In deze zaak heeft de verzoeker, een Ecuadoriaanse nationaliteit, een aanvraag ingediend voor een vergunning tot tijdelijk verblijf op Aruba. De aanvraag werd afgewezen door de Minister van Arbeid, Energie en Integratie op 1 oktober 2024, wat leidde tot bezwaar van de verzoeker op 8 november 2024. De verzoeker heeft zich vervolgens tot het gerecht gewend met een verzoek om een voorlopige voorziening op basis van artikel 54 van de Landsverordening administratieve rechtspraak (Lar). Het gerecht heeft de zaak op 8 januari 2025 behandeld, waarbij zowel de verzoeker als zijn gemachtigde aanwezig waren, evenals de gemachtigde van de verweerder.
De verzoeker was eerder in verzekering gesteld wegens verdenking van mishandeling en had een bevel tot uitzetting ontvangen. Het gerecht overwoog dat de verzoeker niet kon aantonen dat er sprake was van een spoedeisend belang, aangezien er al een onherroepelijk uitzettingsbevel was. De verzoeker had ook een terugkeerverbod van 24 maanden opgelegd gekregen vanwege zijn illegale verblijf op Aruba. Het gerecht concludeerde dat de afwijzing van de aanvraag om een verblijfsvergunning op basis van openbare orde en veiligheid gerechtvaardigd was, en dat de verzoeker geen valide argumenten had aangedragen om het terugkeerverbod ongedaan te maken.

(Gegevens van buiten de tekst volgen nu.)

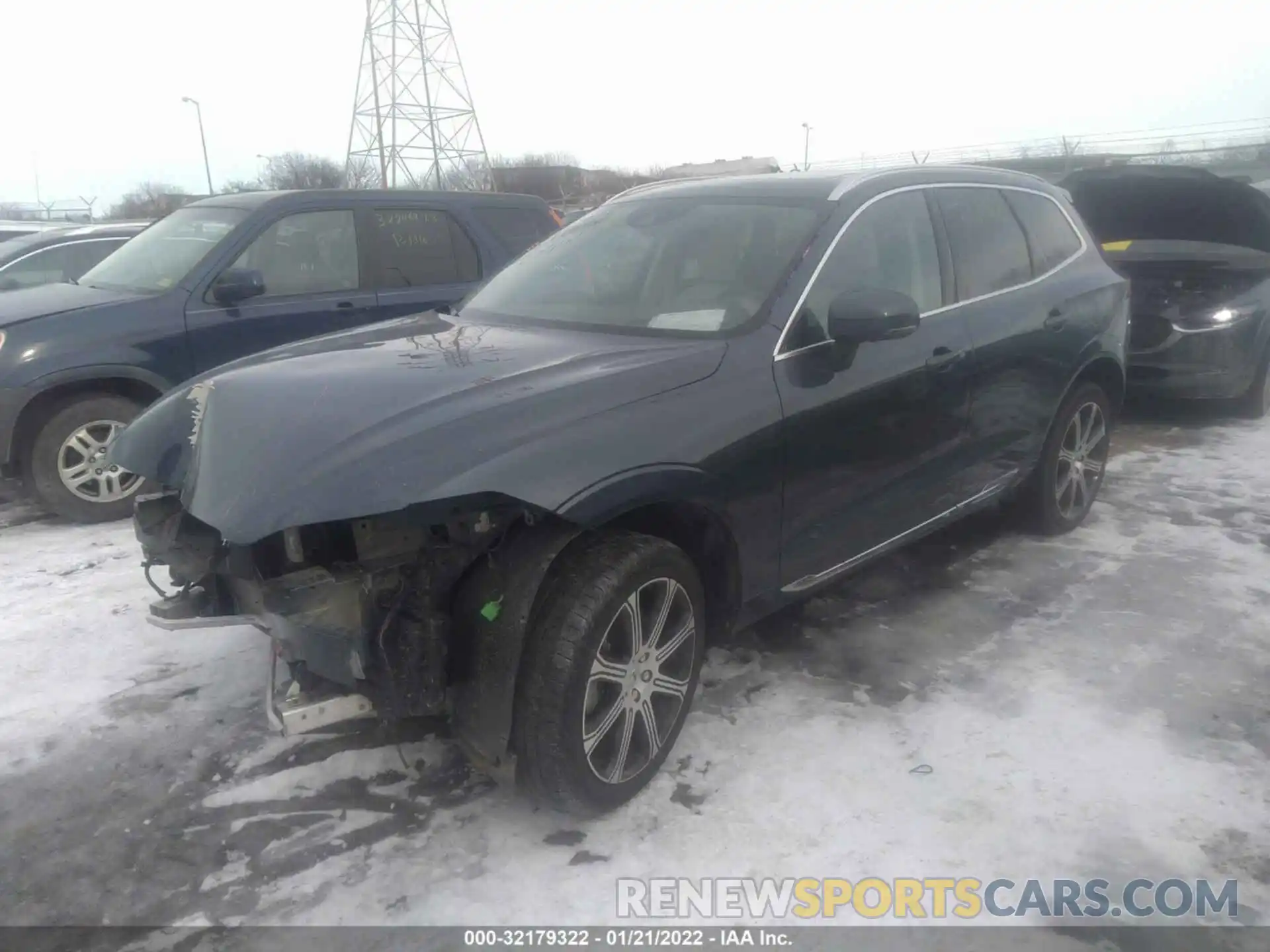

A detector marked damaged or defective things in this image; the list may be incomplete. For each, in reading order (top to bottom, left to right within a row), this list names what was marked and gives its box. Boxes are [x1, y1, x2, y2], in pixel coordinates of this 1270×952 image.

crumpled front hood [0, 282, 145, 330]
crumpled front hood [111, 313, 726, 543]
damaged black suv [106, 166, 1122, 812]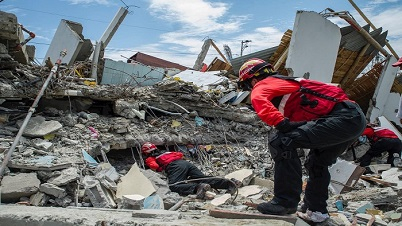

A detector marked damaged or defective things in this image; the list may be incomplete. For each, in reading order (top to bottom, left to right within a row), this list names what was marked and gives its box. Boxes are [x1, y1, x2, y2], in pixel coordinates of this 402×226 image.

broken concrete slab [17, 116, 62, 138]
broken concrete slab [0, 172, 40, 202]
broken concrete slab [38, 183, 66, 199]
broken concrete slab [47, 167, 80, 186]
broken concrete slab [116, 164, 155, 200]
broken concrete slab [223, 169, 254, 186]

Uiteindelijk oordeelde het gerecht dat het bezwaar van de verzoeker geen redelijke kans van slagen had en dat het belang van de verweerder om de openbare orde te handhaven zwaarder woog dan het belang van de verzoeker om in Aruba te blijven. Het verzoek om een voorlopige voorziening werd afgewezen, en de beslissing werd uitgesproken door rechter W.C.E. Winfield op 22 januari 2025.